> [ACTIVITY]:
Return a word-for-word copy of the complete listing below.

> [PROVIDED MATERIAL]:

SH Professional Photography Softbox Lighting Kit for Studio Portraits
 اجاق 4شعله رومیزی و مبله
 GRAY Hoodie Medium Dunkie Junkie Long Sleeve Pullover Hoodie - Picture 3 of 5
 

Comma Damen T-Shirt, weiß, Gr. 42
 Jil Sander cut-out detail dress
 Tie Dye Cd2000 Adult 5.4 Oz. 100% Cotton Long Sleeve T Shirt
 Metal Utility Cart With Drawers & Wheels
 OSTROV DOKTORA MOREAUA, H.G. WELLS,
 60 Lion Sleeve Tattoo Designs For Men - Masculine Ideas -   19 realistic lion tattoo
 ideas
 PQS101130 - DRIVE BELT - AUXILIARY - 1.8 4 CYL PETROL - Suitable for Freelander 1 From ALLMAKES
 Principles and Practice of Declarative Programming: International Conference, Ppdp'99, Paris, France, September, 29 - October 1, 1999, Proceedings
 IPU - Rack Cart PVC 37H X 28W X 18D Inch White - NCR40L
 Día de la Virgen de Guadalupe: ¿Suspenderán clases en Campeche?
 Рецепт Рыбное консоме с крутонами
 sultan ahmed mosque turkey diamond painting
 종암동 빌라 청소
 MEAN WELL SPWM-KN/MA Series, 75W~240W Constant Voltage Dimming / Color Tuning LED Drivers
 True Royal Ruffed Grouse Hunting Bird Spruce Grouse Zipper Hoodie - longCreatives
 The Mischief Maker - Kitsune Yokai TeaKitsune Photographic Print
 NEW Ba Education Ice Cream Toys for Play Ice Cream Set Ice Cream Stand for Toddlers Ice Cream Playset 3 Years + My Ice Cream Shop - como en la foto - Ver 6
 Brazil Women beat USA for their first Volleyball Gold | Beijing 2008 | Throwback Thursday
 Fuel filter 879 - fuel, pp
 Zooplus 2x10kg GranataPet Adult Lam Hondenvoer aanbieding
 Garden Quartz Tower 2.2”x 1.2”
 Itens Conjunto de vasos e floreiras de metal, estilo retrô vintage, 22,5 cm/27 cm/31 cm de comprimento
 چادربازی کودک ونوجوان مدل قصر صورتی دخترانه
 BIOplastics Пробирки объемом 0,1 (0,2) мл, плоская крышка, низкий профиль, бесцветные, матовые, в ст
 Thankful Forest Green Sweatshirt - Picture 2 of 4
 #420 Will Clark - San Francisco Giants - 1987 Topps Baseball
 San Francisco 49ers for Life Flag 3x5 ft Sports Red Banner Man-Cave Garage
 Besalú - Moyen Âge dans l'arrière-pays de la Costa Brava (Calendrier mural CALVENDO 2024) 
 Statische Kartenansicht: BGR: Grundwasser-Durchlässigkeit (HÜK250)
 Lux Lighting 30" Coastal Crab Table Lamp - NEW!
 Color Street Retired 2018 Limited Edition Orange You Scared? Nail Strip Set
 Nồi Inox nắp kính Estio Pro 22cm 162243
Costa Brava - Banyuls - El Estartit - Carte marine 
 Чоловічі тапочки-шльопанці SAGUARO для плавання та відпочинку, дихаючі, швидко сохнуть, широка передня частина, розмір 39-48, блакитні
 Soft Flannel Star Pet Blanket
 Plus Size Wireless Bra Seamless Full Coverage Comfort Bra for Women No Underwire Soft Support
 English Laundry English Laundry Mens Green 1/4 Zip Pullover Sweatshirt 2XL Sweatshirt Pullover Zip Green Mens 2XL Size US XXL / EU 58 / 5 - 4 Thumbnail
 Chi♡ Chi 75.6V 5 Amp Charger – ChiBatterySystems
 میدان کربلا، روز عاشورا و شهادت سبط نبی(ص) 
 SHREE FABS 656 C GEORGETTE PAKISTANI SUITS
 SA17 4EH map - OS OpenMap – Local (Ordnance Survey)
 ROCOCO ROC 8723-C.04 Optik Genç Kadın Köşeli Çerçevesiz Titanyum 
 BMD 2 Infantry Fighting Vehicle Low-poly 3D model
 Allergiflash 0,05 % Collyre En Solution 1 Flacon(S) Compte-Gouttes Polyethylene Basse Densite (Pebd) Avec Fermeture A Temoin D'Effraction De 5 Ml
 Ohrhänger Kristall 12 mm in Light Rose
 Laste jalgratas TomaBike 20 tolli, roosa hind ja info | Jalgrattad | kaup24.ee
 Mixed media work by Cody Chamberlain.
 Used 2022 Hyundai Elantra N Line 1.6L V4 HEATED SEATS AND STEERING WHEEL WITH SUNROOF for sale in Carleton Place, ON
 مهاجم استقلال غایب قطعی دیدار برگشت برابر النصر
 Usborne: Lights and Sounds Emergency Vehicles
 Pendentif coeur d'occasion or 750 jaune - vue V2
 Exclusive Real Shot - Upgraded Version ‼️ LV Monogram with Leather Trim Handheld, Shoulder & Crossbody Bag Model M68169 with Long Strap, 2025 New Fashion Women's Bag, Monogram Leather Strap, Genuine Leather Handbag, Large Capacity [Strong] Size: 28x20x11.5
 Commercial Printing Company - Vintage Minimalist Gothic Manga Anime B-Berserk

> [ANSWER BOX]:
SH Professional Photography Softbox Lighting Kit for Studio Portraits
 اجاق 4شعله رومیزی و مبله
 GRAY Hoodie Medium Dunkie Junkie Long Sleeve Pullover Hoodie - Picture 3 of 5
 

Comma Damen T-Shirt, weiß, Gr. 42
 Jil Sander cut-out detail dress
 Tie Dye Cd2000 Adult 5.4 Oz. 100% Cotton Long Sleeve T Shirt
 Metal Utility Cart With Drawers & Wheels
 OSTROV DOKTORA MOREAUA, H.G. WELLS,
 60 Lion Sleeve Tattoo Designs For Men - Masculine Ideas -   19 realistic lion tattoo
 ideas
 PQS101130 - DRIVE BELT - AUXILIARY - 1.8 4 CYL PETROL - Suitable for Freelander 1 From ALLMAKES
 Principles and Practice of Declarative Programming: International Conference, Ppdp'99, Paris, France, September, 29 - October 1, 1999, Proceedings
 IPU - Rack Cart PVC 37H X 28W X 18D Inch White - NCR40L
 Día de la Virgen de Guadalupe: ¿Suspenderán clases en Campeche?
 Рецепт Рыбное консоме с крутонами
 sultan ahmed mosque turkey diamond painting
 종암동 빌라 청소
 MEAN WELL SPWM-KN/MA Series, 75W~240W Constant Voltage Dimming / Color Tuning LED Drivers
 True Royal Ruffed Grouse Hunting Bird Spruce Grouse Zipper Hoodie - longCreatives
 The Mischief Maker - Kitsune Yokai TeaKitsune Photographic Print
 NEW Ba Education Ice Cream Toys for Play Ice Cream Set Ice Cream Stand for Toddlers Ice Cream Playset 3 Years + My Ice Cream Shop - como en la foto - Ver 6
 Brazil Women beat USA for their first Volleyball Gold | Beijing 2008 | Throwback Thursday
 Fuel filter 879 - fuel, pp
 Zooplus 2x10kg GranataPet Adult Lam Hondenvoer aanbieding
 Garden Quartz Tower 2.2”x 1.2”
 Itens Conjunto de vasos e floreiras de metal, estilo retrô vintage, 22,5 cm/27 cm/31 cm de comprimento
 چادربازی کودک ونوجوان مدل قصر صورتی دخترانه
 BIOplastics Пробирки объемом 0,1 (0,2) мл, плоская крышка, низкий профиль, бесцветные, матовые, в ст
 Thankful Forest Green Sweatshirt - Picture 2 of 4
 #420 Will Clark - San Francisco Giants - 1987 Topps Baseball
 San Francisco 49ers for Life Flag 3x5 ft Sports Red Banner Man-Cave Garage
 Besalú - Moyen Âge dans l'arrière-pays de la Costa Brava (Calendrier mural CALVENDO 2024) 
 Statische Kartenansicht: BGR: Grundwasser-Durchlässigkeit (HÜK250)
 Lux Lighting 30" Coastal Crab Table Lamp - NEW!
 Color Street Retired 2018 Limited Edition Orange You Scared? Nail Strip Set
 Nồi Inox nắp kính Estio Pro 22cm 162243
Costa Brava - Banyuls - El Estartit - Carte marine 
 Чоловічі тапочки-шльопанці SAGUARO для плавання та відпочинку, дихаючі, швидко сохнуть, широка передня частина, розмір 39-48, блакитні
 Soft Flannel Star Pet Blanket
 Plus Size Wireless Bra Seamless Full Coverage Comfort Bra for Women No Underwire Soft Support
 English Laundry English Laundry Mens Green 1/4 Zip Pullover Sweatshirt 2XL Sweatshirt Pullover Zip Green Mens 2XL Size US XXL / EU 58 / 5 - 4 Thumbnail
 Chi♡ Chi 75.6V 5 Amp Charger – ChiBatterySystems
 میدان کربلا، روز عاشورا و شهادت سبط نبی(ص) 
 SHREE FABS 656 C GEORGETTE PAKISTANI SUITS
 SA17 4EH map - OS OpenMap – Local (Ordnance Survey)
 ROCOCO ROC 8723-C.04 Optik Genç Kadın Köşeli Çerçevesiz Titanyum 
 BMD 2 Infantry Fighting Vehicle Low-poly 3D model
 Allergiflash 0,05 % Collyre En Solution 1 Flacon(S) Compte-Gouttes Polyethylene Basse Densite (Pebd) Avec Fermeture A Temoin D'Effraction De 5 Ml
 Ohrhänger Kristall 12 mm in Light Rose
 Laste jalgratas TomaBike 20 tolli, roosa hind ja info | Jalgrattad | kaup24.ee
 Mixed media work by Cody Chamberlain.
 Used 2022 Hyundai Elantra N Line 1.6L V4 HEATED SEATS AND STEERING WHEEL WITH SUNROOF for sale in Carleton Place, ON
 مهاجم استقلال غایب قطعی دیدار برگشت برابر النصر
 Usborne: Lights and Sounds Emergency Vehicles
 Pendentif coeur d'occasion or 750 jaune - vue V2
 Exclusive Real Shot - Upgraded Version ‼️ LV Monogram with Leather Trim Handheld, Shoulder & Crossbody Bag Model M68169 with Long Strap, 2025 New Fashion Women's Bag, Monogram Leather Strap, Genuine Leather Handbag, Large Capacity [Strong] Size: 28x20x11.5
 Commercial Printing Company - Vintage Minimalist Gothic Manga Anime B-Berserk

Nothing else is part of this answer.